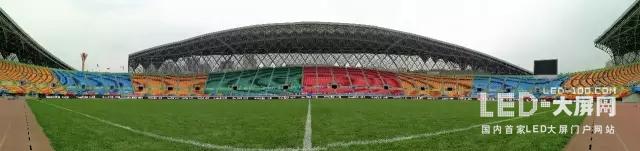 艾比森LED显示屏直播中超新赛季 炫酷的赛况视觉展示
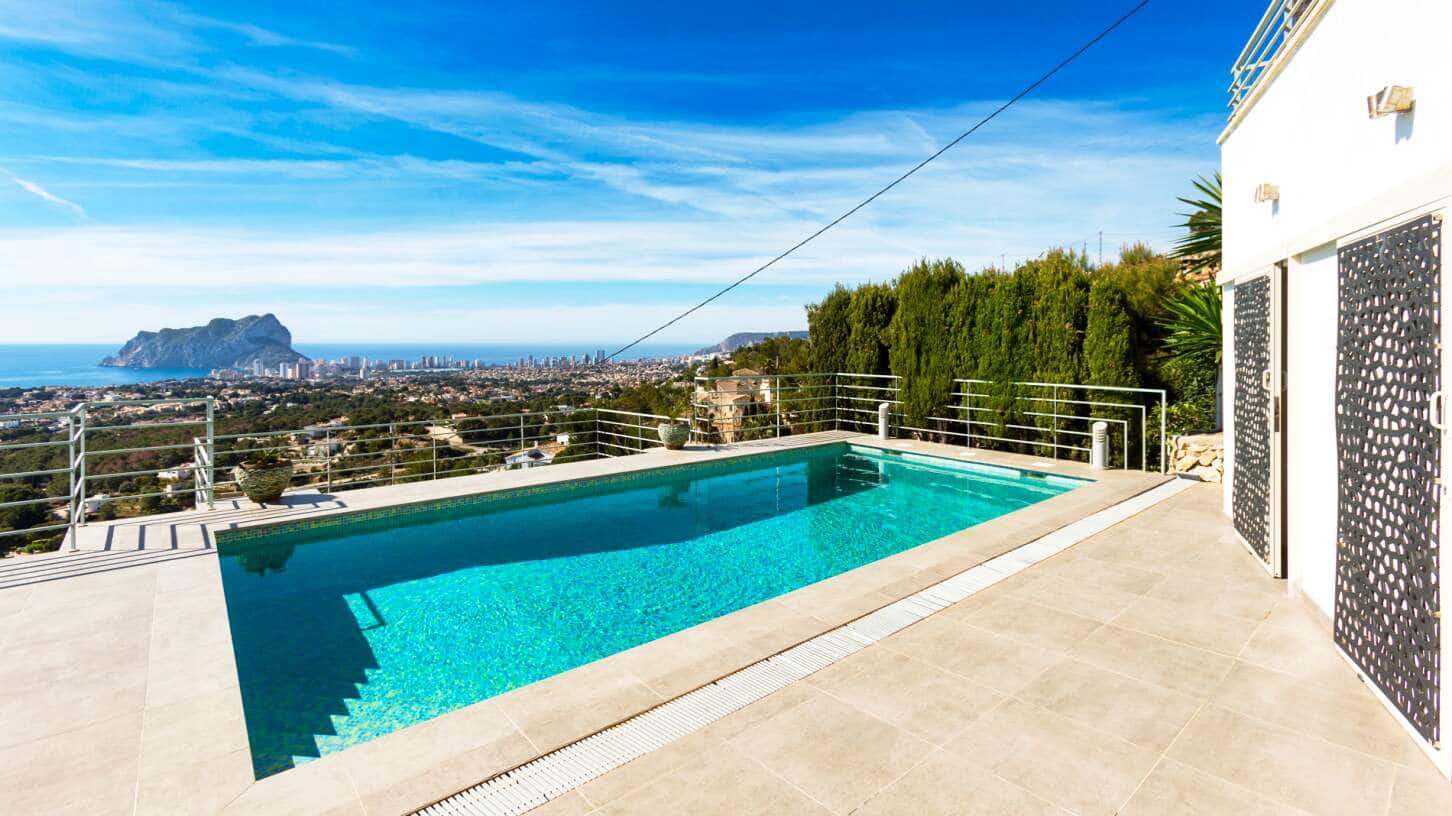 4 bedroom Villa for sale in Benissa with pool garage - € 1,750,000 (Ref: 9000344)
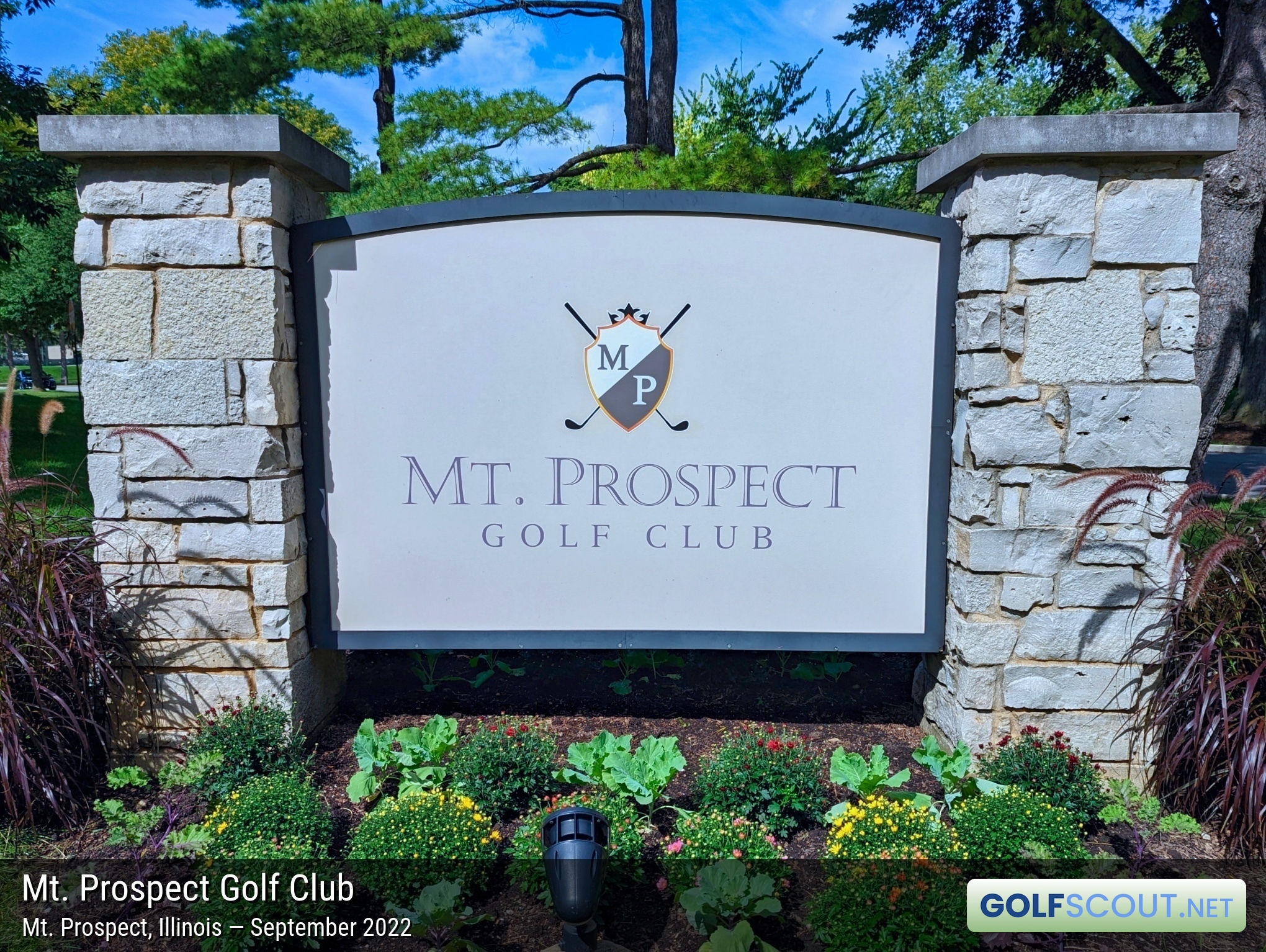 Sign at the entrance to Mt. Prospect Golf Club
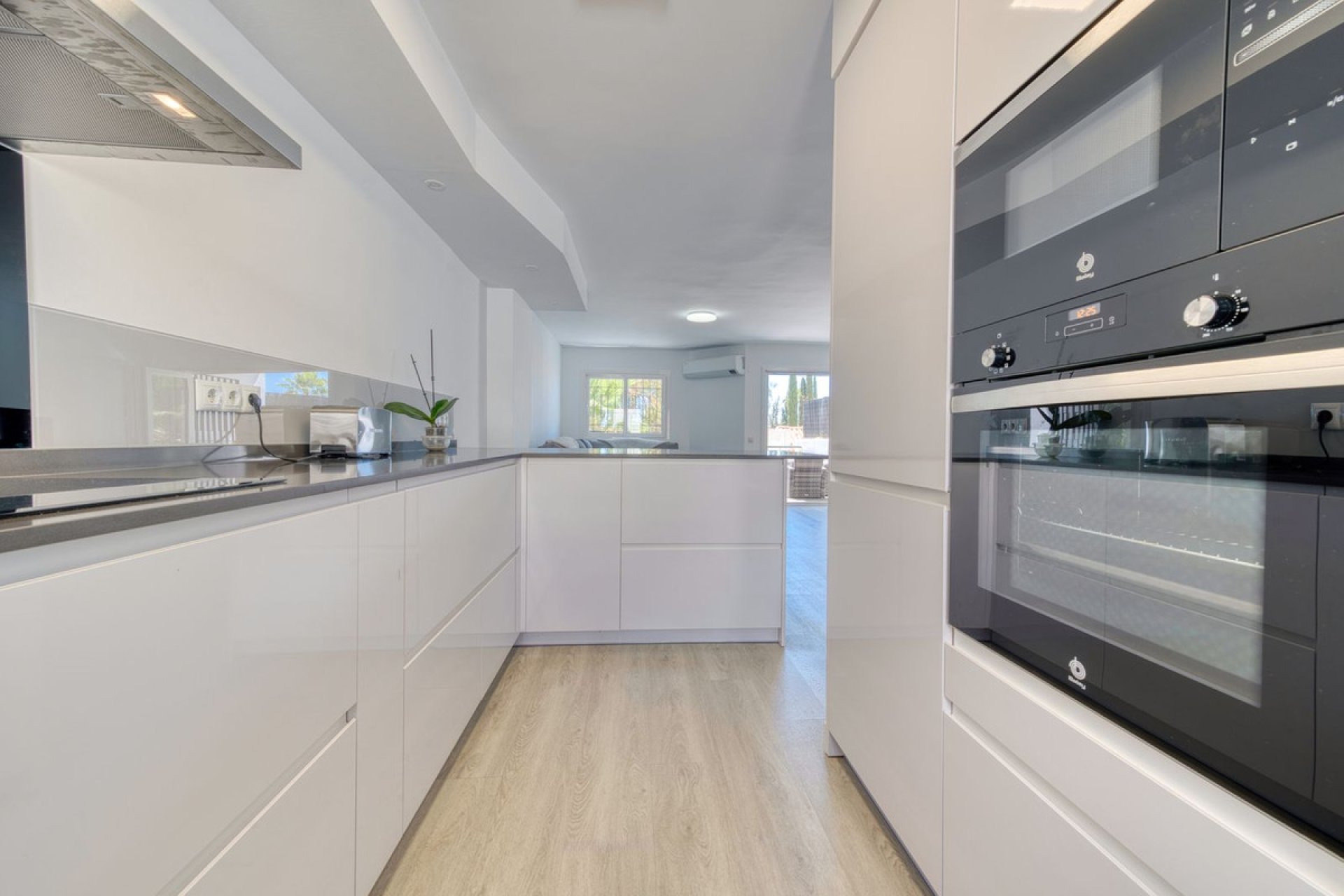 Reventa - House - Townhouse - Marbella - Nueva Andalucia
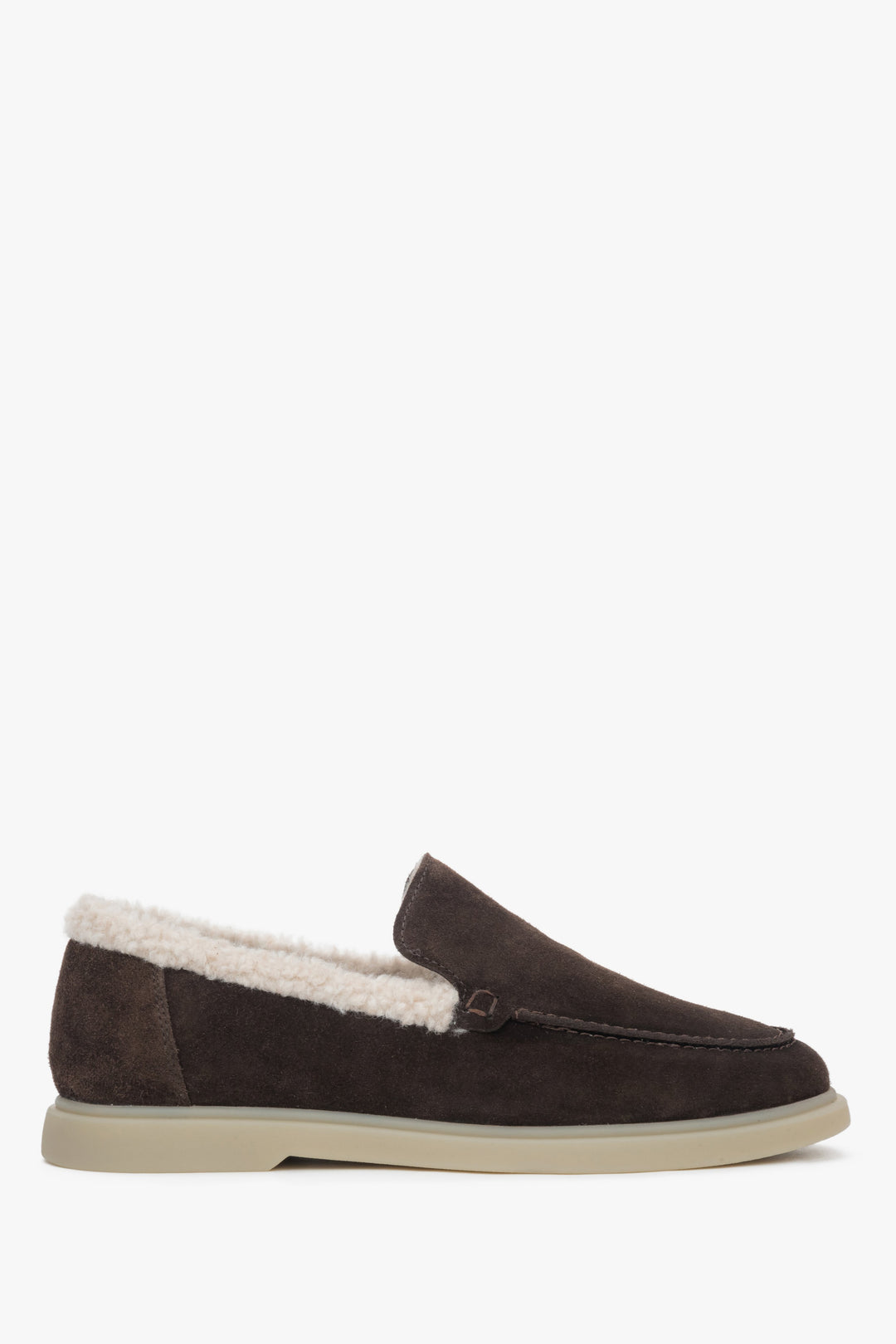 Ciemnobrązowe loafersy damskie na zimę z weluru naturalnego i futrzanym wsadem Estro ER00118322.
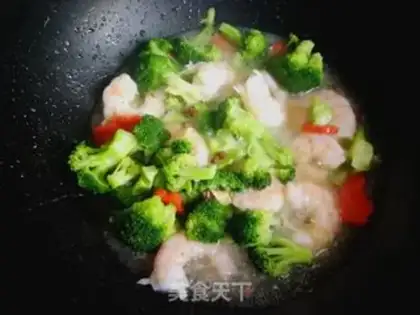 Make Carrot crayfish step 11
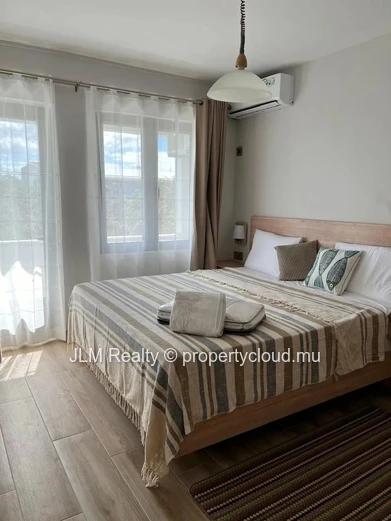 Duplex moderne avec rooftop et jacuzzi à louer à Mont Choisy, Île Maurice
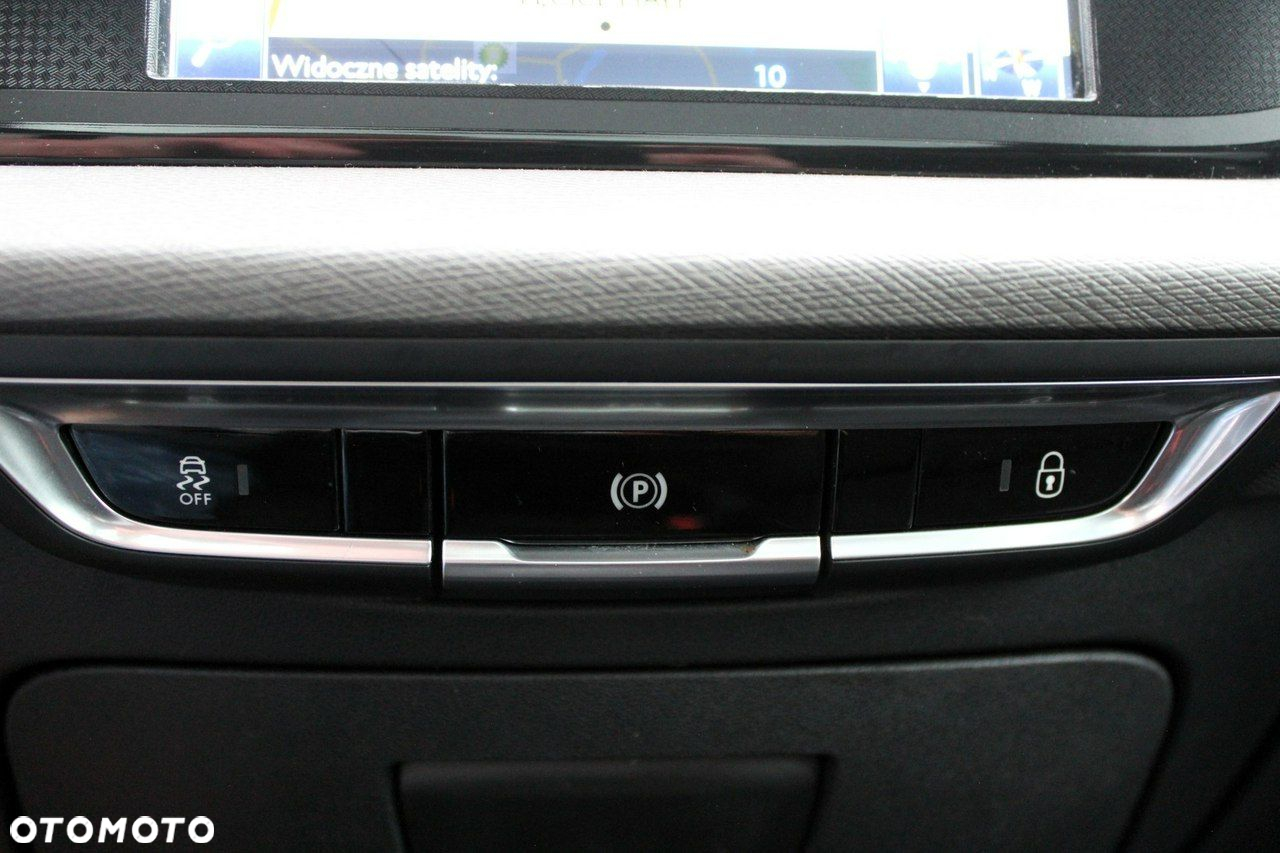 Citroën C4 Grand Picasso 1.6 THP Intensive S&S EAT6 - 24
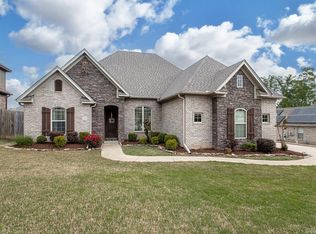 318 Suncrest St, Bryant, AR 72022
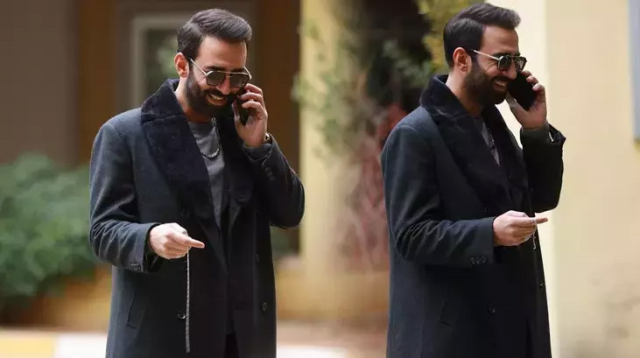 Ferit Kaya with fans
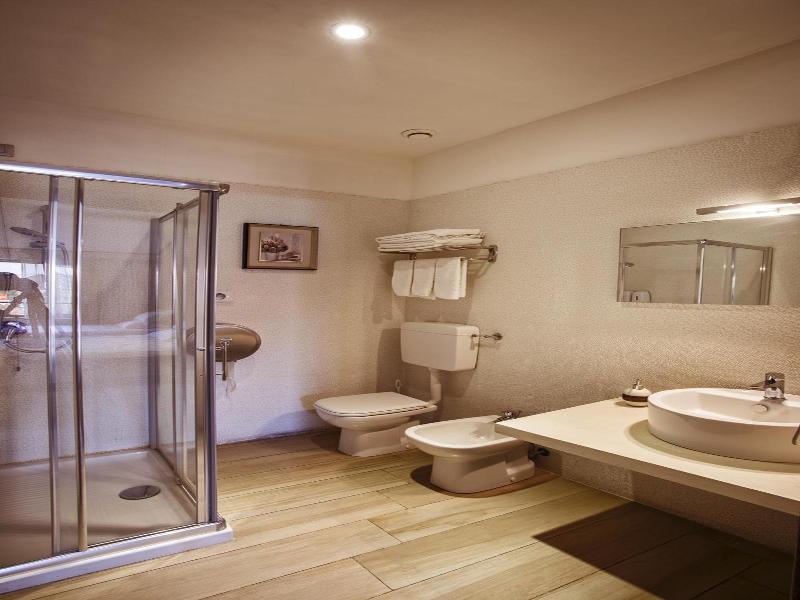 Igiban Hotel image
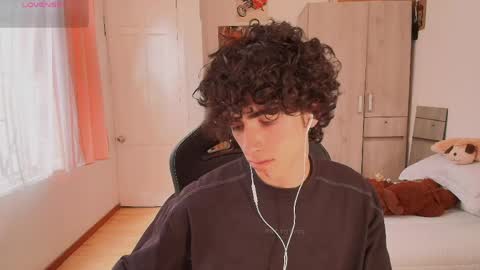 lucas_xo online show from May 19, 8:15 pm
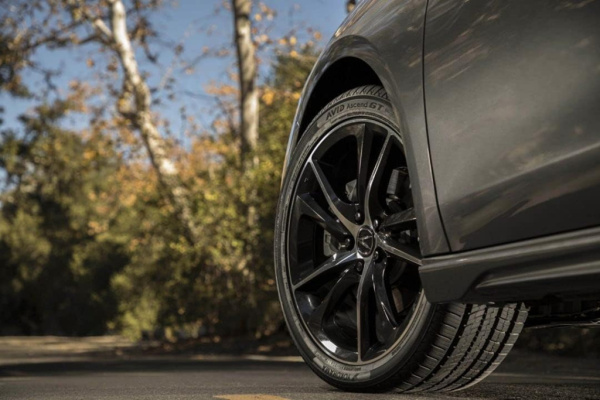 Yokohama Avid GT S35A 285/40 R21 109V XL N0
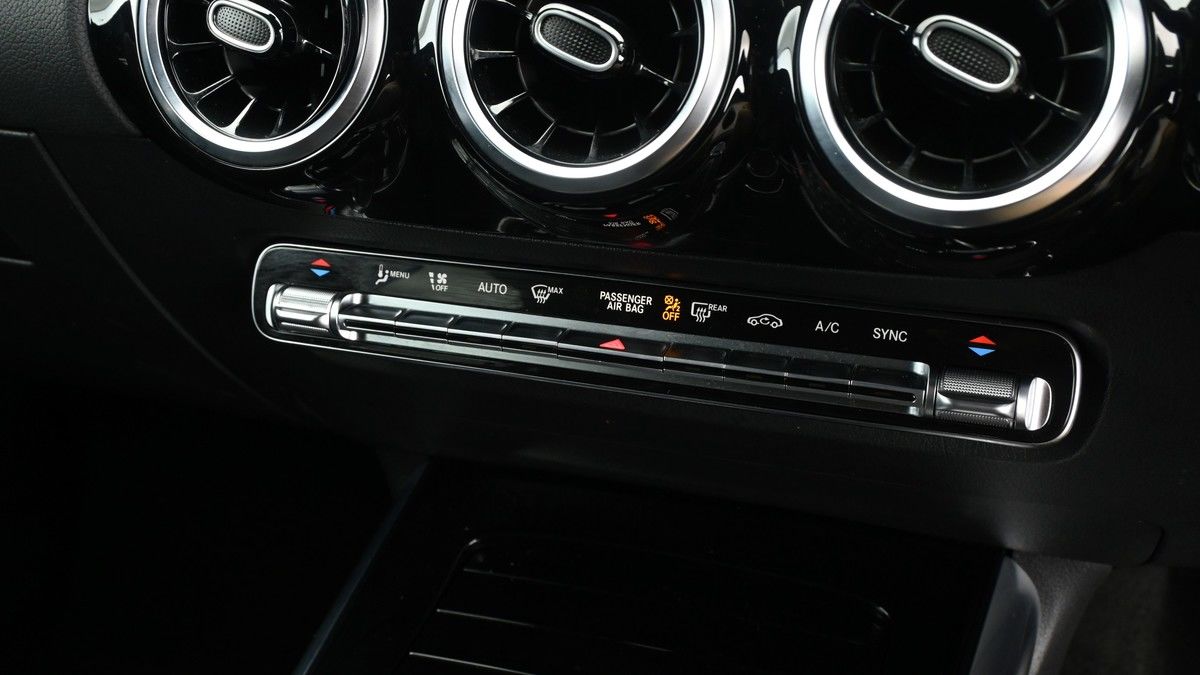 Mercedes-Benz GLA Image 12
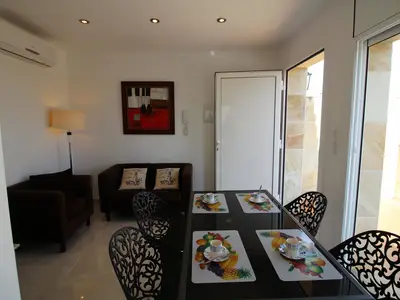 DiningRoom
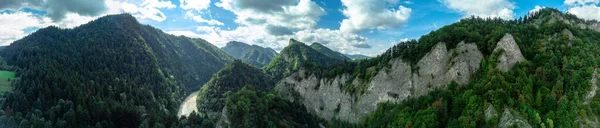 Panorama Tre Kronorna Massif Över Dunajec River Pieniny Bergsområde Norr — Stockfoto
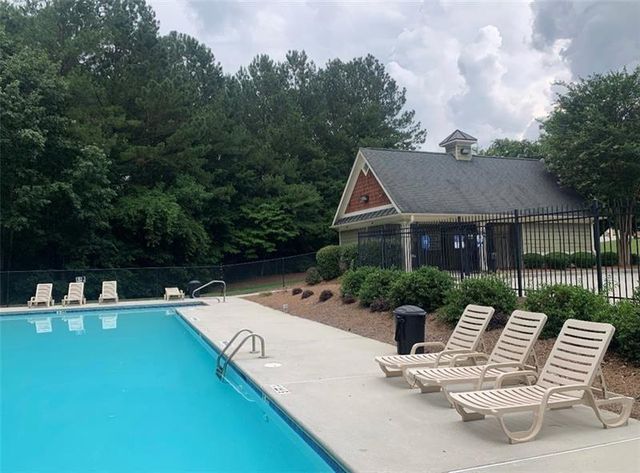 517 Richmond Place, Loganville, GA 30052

◇ ◇ ◇ ◇ ◇

**WHAT NEEDS TO BE DONE**
Write out the whole listing exactly, and drop the pictures.

**WRITTEN RESPONSE**
 艾比森LED显示屏直播中超新赛季 炫酷的赛况视觉展示
 4 bedroom Villa for sale in Benissa with pool garage - € 1,750,000 (Ref: 9000344)
 Sign at the entrance to Mt. Prospect Golf Club
 Reventa - House - Townhouse - Marbella - Nueva Andalucia
 Ciemnobrązowe loafersy damskie na zimę z weluru naturalnego i futrzanym wsadem Estro ER00118322.
 Make Carrot crayfish step 11
 Duplex moderne avec rooftop et jacuzzi à louer à Mont Choisy, Île Maurice
 Citroën C4 Grand Picasso 1.6 THP Intensive S&S EAT6 - 24
 318 Suncrest St, Bryant, AR 72022
 Ferit Kaya with fans
 Igiban Hotel image
 lucas_xo online show from May 19, 8:15 pm
 Yokohama Avid GT S35A 285/40 R21 109V XL N0
 Mercedes-Benz GLA Image 12
 DiningRoom
 Panorama Tre Kronorna Massif Över Dunajec River Pieniny Bergsområde Norr — Stockfoto
 517 Richmond Place, Loganville, GA 30052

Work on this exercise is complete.